* [What the exercise asks] Set out exactly, line by line, the stretch of data below that begins at the line containing "The lobby has" and ends at the line containing "a bathroom with", with both ends kept.

* [Entries supplied]
***
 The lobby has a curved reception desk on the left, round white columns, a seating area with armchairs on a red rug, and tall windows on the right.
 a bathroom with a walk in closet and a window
***
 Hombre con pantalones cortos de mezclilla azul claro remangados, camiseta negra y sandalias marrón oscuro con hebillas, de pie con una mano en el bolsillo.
***
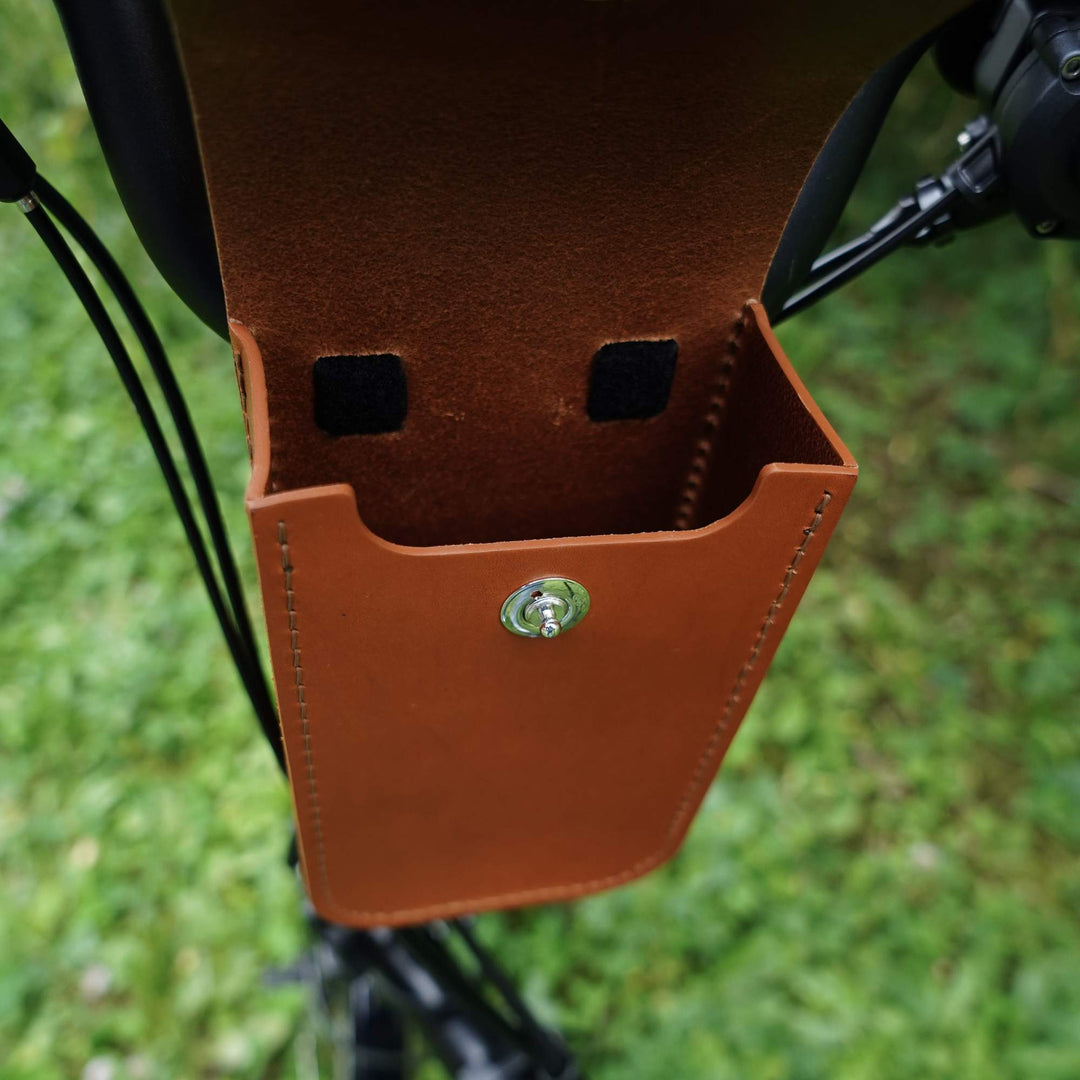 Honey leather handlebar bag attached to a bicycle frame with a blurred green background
***
* [Task answer]
 The lobby has a curved reception desk on the left, round white columns, a seating area with armchairs on a red rug, and tall windows on the right.
 a bathroom with a walk in closet and a window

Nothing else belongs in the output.